Question

Solve the following equation: \[6x + 5 = 2x + 17\]

Answer 1

Hint: Use the technique of taking terms common from the given equation and then solve, then write the equation into simpler expressions and forms. Then after writing it into simplest forms possible, equate it to the right hand side of the equation as given and get the solution.

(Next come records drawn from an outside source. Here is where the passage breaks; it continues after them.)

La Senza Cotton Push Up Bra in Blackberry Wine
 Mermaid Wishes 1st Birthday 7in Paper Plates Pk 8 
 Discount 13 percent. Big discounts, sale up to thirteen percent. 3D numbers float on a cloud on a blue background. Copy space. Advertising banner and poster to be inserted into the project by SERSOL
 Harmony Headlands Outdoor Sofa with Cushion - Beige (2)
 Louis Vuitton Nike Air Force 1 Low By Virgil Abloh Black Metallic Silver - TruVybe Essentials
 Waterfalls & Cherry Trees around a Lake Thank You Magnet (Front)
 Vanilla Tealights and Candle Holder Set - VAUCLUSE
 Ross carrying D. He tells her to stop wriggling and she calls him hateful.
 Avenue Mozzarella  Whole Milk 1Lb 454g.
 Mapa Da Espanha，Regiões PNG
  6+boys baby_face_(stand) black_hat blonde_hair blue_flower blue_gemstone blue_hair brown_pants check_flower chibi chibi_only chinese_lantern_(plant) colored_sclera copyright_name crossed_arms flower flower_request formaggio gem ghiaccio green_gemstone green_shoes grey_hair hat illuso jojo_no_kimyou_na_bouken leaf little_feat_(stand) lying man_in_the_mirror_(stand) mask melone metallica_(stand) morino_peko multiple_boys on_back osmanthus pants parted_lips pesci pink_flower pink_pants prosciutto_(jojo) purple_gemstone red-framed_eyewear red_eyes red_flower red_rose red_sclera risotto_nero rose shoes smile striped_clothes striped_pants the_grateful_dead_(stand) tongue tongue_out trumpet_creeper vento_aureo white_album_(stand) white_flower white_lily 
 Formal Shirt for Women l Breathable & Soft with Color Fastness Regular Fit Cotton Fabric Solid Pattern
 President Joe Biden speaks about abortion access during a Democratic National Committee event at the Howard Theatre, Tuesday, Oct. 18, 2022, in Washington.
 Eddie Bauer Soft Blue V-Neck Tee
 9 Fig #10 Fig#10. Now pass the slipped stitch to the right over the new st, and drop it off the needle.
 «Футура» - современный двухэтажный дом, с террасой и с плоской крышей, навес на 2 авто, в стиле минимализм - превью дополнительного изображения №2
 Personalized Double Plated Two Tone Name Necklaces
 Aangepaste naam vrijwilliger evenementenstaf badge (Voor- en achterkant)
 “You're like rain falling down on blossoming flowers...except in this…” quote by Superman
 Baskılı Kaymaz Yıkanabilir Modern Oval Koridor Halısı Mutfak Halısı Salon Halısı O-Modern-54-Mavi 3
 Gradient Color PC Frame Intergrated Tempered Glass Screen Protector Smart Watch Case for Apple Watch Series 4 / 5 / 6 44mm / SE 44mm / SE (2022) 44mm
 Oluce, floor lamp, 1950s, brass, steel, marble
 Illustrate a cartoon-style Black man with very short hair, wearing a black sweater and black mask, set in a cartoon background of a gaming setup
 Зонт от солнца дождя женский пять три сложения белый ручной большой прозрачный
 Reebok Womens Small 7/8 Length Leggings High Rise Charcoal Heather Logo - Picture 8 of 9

Complete step-by-step solution:
We are given with the equation \[6x + 5 = 2x + 17\]
Let us shift the terms to one side i.e. let us take the terms of the left hand side of the equation to the right hand side of the equation and then equate it to zero to get the final solution of the equation.
Then, \[6x + 5 - 2x - 17 = 0\]
\[ \Rightarrow 6x - 2x + 5 - 17 = 0 \\
   \Rightarrow 4x - 12 = 0 \]
Now let us take common from the obtained solution and equate it to zero,
\[ \Rightarrow 4(x - 3) = 0\]
\[ \Rightarrow (x - 3) = 0\]
\[ \Rightarrow x = 3\]
Therefore we reached our required solution for the given equation and hence the resultant solution for the equation is \[x = 3\].

Note: It is important that we know various ways, techniques, shortcuts and methods to solve different types of quadratic equations. Middle term factoring, Sridharacharya method or Quadratic formula, graphical methods are some techniques of solving the roots of a quadratic equation.